* [REQUIREMENT]
The reply must repeat each entry exactly and contain no pictures.

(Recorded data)
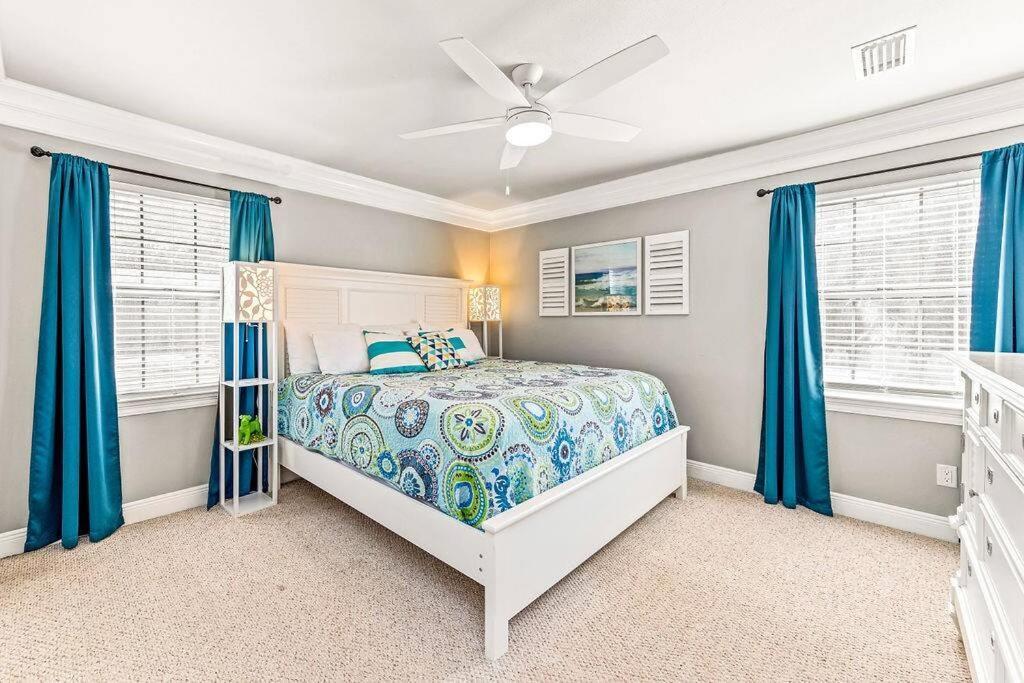Foley Palms & Owa Resort / Pool Luaran gambar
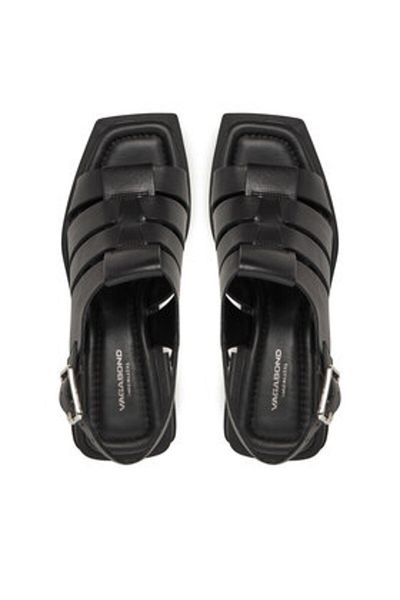 Vagabond Women's Sandals black VAGABOND-HENNIE 5937-001-20 BLACK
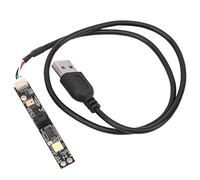 Module de Caméra, Module de Caméra USB HBV 1825 FF pour WinXP/Win7/Win8/Win10/OS X/Linux/Android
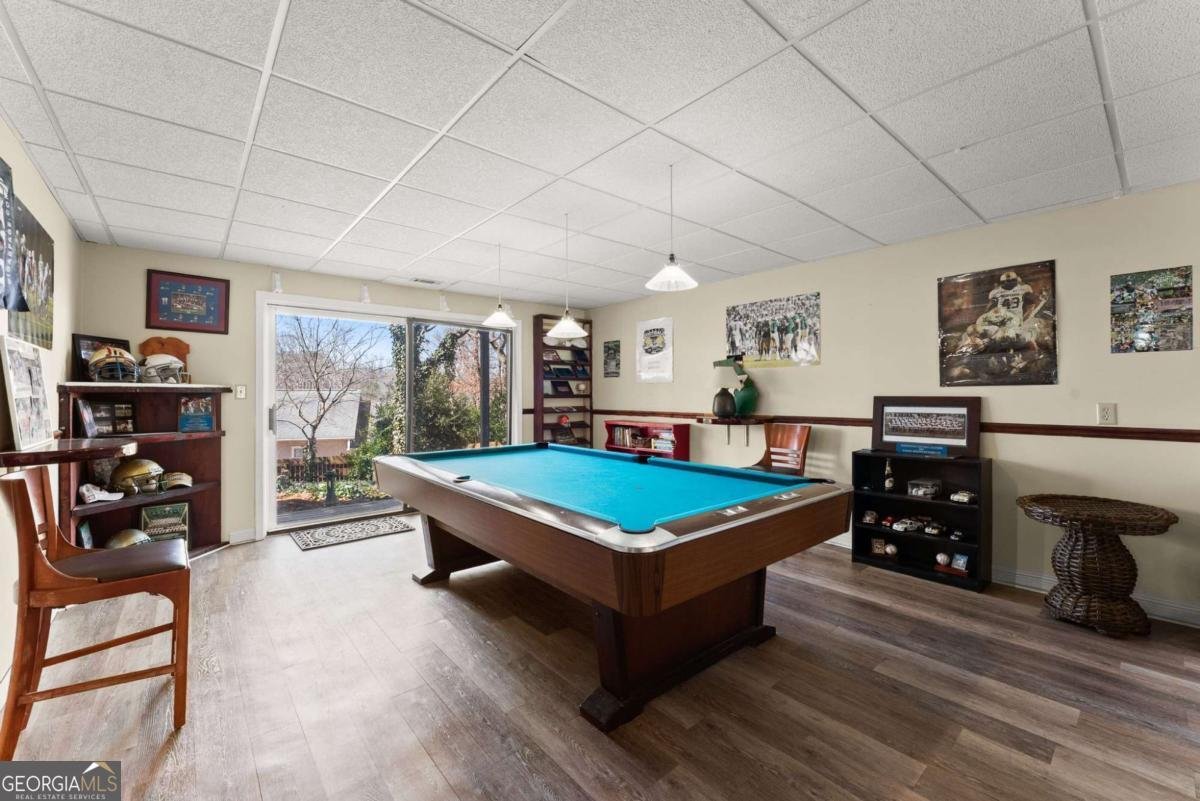 5705 High Harbor Court Gainesville - Photo 42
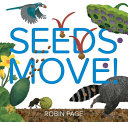 Seeds Move! cover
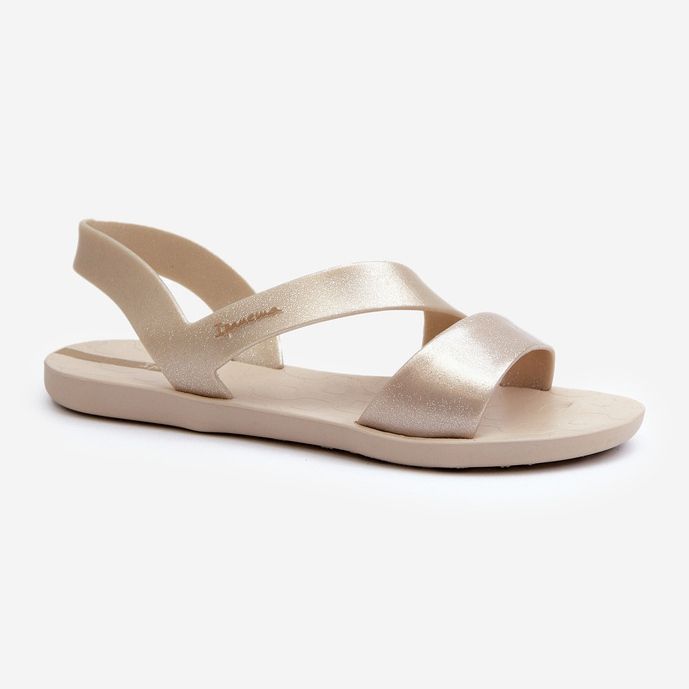 Damesandaler 82429 Ipanema Vibe Sandal Fem Beige 1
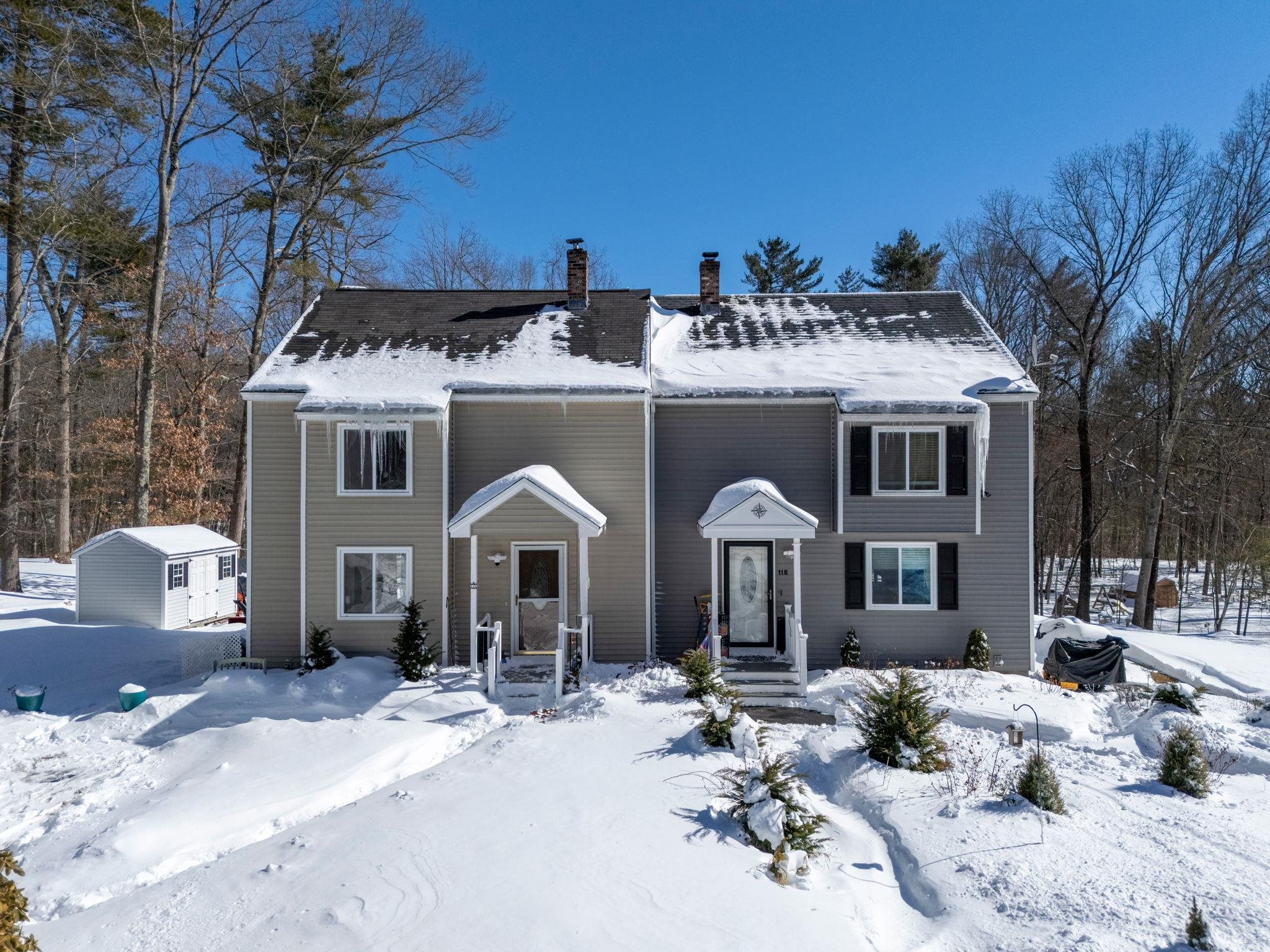 11 Pingree Hill Road, Unit L Derry, NH 03038 - Photo 28 of 28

* [RESPONSE BOX]
Foley Palms & Owa Resort / Pool Luaran gambar
 Vagabond Women's Sandals black VAGABOND-HENNIE 5937-001-20 BLACK
 Module de Caméra, Module de Caméra USB HBV 1825 FF pour WinXP/Win7/Win8/Win10/OS X/Linux/Android
 5705 High Harbor Court Gainesville - Photo 42
 Seeds Move! cover
 Damesandaler 82429 Ipanema Vibe Sandal Fem Beige 1
 11 Pingree Hill Road, Unit L Derry, NH 03038 - Photo 28 of 28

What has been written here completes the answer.